How many people have Long Covid? No one knows as no one can even agree on what it is. The UK has put out studies estimating that about 3% of those who catch and recover from the disease will have long term sequelae. Some groups in the USA have suggested that this is a gross undercount and that upwards of 25-30% may have some sort of long term issues. This means that somewhere between two and 20 million Americans currently have Long Covid. What sort of treatments and supports they might need now and in months to come are anybody’s guess. Most large health systems, especially those with an academic component, have established specialty Post-Covid Clinics for long term monitoring and symptomatic therapy. As they collect and publish data over the next few years, we’re going to learn a lot more.

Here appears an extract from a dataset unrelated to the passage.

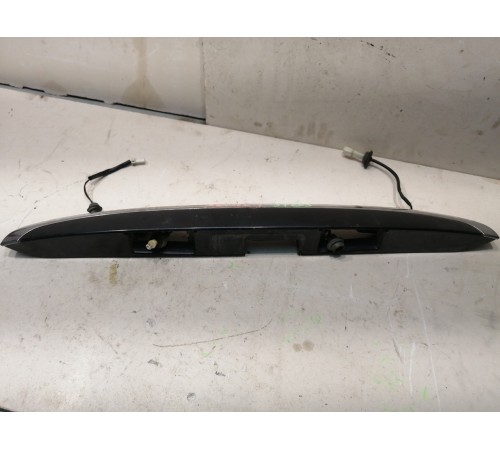 Накладка крышки багажника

What tissues are involved? Well, the angiotensin converting enzyme (ACE) receptors which act as the doorway to the cell for the virus (it’s the thing in the cell wall that the spike protein is able to grab onto and anchor down) are found throughout the body. They are especially prevalent in the heart and vascular system. One of the more common groups of blood pressure medicines, the ACE inhibitors like lisinopril and enalapril also work through these proteins. It’s thought that the propensity of the virus to induce clotting may be somehow related to this concentration in the vasculature. The big issue here is the heart, which has the highest concentrations of ACE receptors. Data coming out of the VA suggests that prior COVID infection is a significant risk factor for later heart and cardiovascular complications with rates of stroke, heart attack, inflammation of the heart muscle, and arrhythmias all much higher in those who had infection versus those who did not. Serious infections requiring hospitalization or ICU stay increased risks of heart issues astronomically after recovery with rates four or five times those of control populations. Exactly what mechanisms are involved aren’t known as of yet.
Studies out of Europe show that the patterns of Long Covid vary significantly by sex and age. Women, especially younger women, seem to be at highest risk. Some of that may be due to women’s more frequent seeking of health care and encounters with the health care system leading to higher levels of reporting but there’s also some thought that the immune systems of women of reproductive age, being somewhat more active so as to protect the potential fetus, might be working slightly differently when they encounter the virus. Younger people of both sexes are more likely to report altered taste and smell over prolonged time than older people, while older people are more likely to have GI effects.
In about 40% of people, Long Covid presents as a relapse several months after the initial infection has been cleared. They may be well for three or four months and then start to have fatigue and other significant issues that may limit activity. These kinds of symptoms aren’t unique to Covid. Other viruses can cause post-viral symptoms, including the closely related SARS and MERS, but even more common things like the flu can do it, too.
What does all this mean? It means the coronavirus is not a great thing to have in your body and should, therefore, be avoided. If you do get it, you want it to be the mildest case possible. A case that puts you in the hospital may have unpleasant side effects down the road. How can you ensure that? Get your vaccine and your boosters. It’s by far the best weapon we’ve got to keep people as hale and hearty as they can be.